Valentine was fired after the 1995 season, even though the Marines had won more games than in 1994. And despite the authoritarian power bestowed on NPB managers that’s ingrained in the culture, Valentine’s first stint as a Mariners skipper proved to be a humbling experience.
“I had no idea the manager had so much authority, but you know because I was the protruding nail that many people wanted to bang down, I had to prove myself,” Bobby V said on Zoom. “All of my baseball had to be reworked. Whether or not I thought to start at a certain time when you’re running, to grip a ball when you’re pitching, to swing a bat when you’re hitting, to field a ball when you’re fielding, all of the things of baseball as well as what works during the game strategically, I had to reprove to myself.
“I thought I figured it all out, but getting to Japan was a great learning experience for me, not only to learn my own stuff again because I had to inspect what I expected when I was teaching because I didn’t have the language to talk through it. I also benefited from learning from others…”
Exhibit A: Hirooka, the 1954 Central League Rookie of the Year
“I think he was the greatest baseball guy I was ever around except for (Dodgers Hall of Fame manager) Tommy Lasorda,” Valentine told Chatter Up participants. “I think that Hirooka lived the game of baseball. … He understood all facets of the game, and we disagreed on a few things — mainly, the concept of rest.”

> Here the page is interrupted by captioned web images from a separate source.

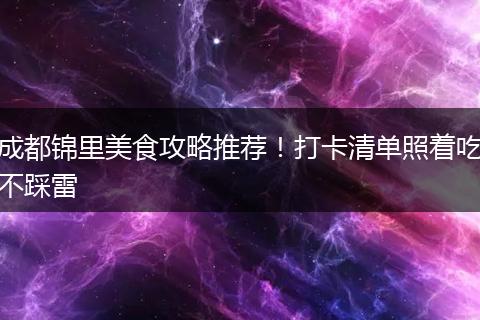 成都锦里美食攻略推荐！打卡清单照着吃不踩雷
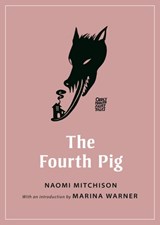 The Fourth Pig - Naomi Mitchison - 9780691191447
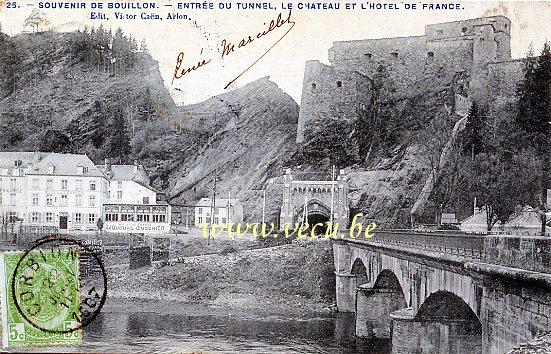 ancienne carte postale de Bouillon Entrée du tunnel, le château et l'Hôtel de France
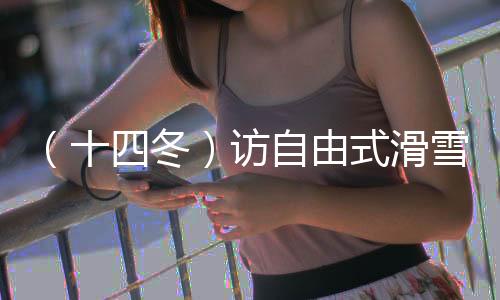 (十四冬)訪自由式滑雪大跳臺(tái)冠軍楊昊:做閃耀的星星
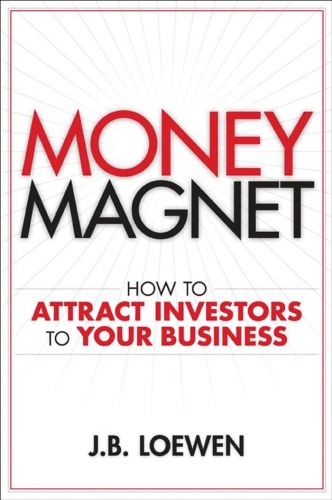 Money Magnet How To Attract Investors To Your Business J B Loewen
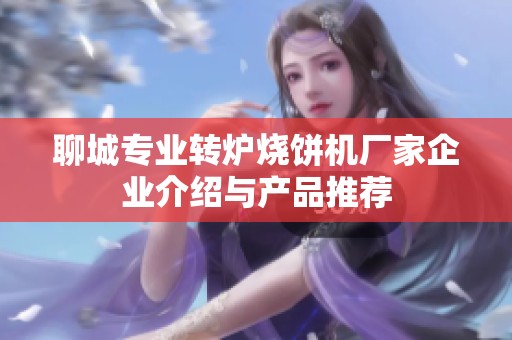 聊城专业转炉烧饼机厂家企业介绍与产品推荐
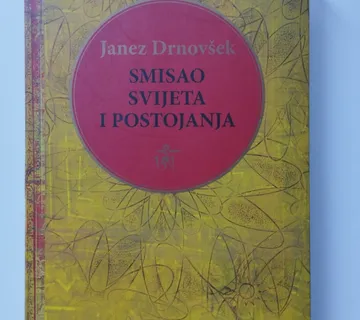 Janez Drnovšek - Smisao svijeta i postojanja - Samobor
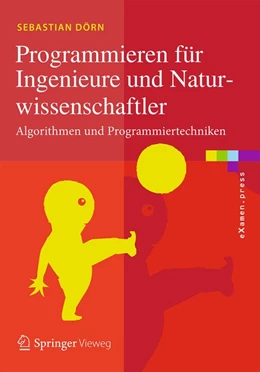 Abbildung von Dörn | Programmieren für Ingenieure und Naturwissenschaftler | 1. Auflage | 2017 | beck-shop.de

“I think if there’s any dividing line that was ever drawn in the sand between the great general manager/manager/shortstop/baseball Hall of Famer that I had the pleasure of working for … it was that idea that more is not necessarily always better. But remember, that’s how I grew up playing baseball. If I couldn’t hit a curveball, the idea was to practice hitting the curveball. And how long do you practice? Until you can hit the curveball!
“More (was) always better when I was growing up. But I moved out of that thinking understanding that a restful body works a lot better than a stressful body.”